Let us also consider, as an example, the problem of \(k\) normal samples (see, for example, \({}^{5}\), p. 296, with the same notation). Here the density with respect to Lebesgue measure is

\[ p=\frac{1}{(2\pi)^{N/2}}\, \frac{1}{\prod_{i=1}^{k}\sigma_i^{n_i}}\, \exp\left( -\sum_{i=1}^{k} n_i \frac{(\bar{x}_i-\mu_i)^2+s_i^2}{2\sigma_i^2} \right). \tag{7} \]

We may, for example, consider the hypothesis

\[ H_0:\ \mu_1=\mu_2=\cdots=\mu_k=\mu \]

and seek a test \(g(\bar{x}_i,s_i)\), depending only on sufficient statistics, piecewise-analytic (with possible exceptions of measure 0), and similar with respect to \(\sigma_i^2\).

To investigate the question of the existence of such a test, it is convenient to set

\[ \frac{1}{2\sigma_i^2}=\vartheta_i\omega \]

and to carry out the integration of expression (3) indicated above.

We arrive at the expression:

\[ \int_{\mathfrak X}\cdots\int \frac{\psi\bigl(g(\bar{x}_i,s_i)\bigr)\,dX} {\left[ a+\left(\sum_{i=1}^{k} n_i\vartheta_i\bigl((\bar{x}_i-\mu_i)^2+s_i^2\bigr)\right) \right]^{b+1}} = C_\psi C(a,b)\prod_{i=1}^{k}\vartheta_i^{-1/2} \tag{8} \]

for sufficiently large \(b\).
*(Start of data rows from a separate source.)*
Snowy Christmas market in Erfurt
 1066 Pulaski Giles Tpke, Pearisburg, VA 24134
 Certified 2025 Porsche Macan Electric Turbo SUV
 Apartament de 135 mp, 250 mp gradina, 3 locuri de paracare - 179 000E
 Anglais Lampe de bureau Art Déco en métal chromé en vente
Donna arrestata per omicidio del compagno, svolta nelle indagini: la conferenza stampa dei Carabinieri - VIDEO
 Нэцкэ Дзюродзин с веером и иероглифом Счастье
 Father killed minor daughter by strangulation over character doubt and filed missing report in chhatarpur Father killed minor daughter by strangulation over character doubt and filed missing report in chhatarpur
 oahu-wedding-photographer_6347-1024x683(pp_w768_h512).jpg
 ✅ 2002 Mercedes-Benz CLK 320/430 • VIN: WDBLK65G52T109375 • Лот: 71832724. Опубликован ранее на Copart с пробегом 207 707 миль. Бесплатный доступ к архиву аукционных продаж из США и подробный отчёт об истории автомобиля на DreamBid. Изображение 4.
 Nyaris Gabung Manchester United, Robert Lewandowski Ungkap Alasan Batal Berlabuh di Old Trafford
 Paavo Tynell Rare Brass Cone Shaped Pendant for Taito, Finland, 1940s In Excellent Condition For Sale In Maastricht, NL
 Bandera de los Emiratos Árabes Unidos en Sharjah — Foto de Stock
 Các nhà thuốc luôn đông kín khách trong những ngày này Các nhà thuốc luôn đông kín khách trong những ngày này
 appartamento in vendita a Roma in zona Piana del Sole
The critical regions here will be surfaces of the second order, and it is possible to carry out a successful investigation of the possibility of a test. The method set forth can also be applied to the construction of approximate tests and to the investigation of confidence intervals.

Received
18 I 1963

CITED LITERATURE

\({}^{1}\) Yu. V. Linnik, DAN, 149, No. 2 (1963).
\({}^{2}\) T. Koopmans, Trans. Am. Math. Soc., 39, 399 (1936).
\({}^{3}\) E. B. Dynkin, UMN, vol. 1, 68 (1951).
\({}^{4}\) E. L. Lehmann, Testing Statistical Hypotheses, N. Y., 1959.
\({}^{5}\) M. C. Kendall, The Advanced Theory of Statistics, 2, London, 1955.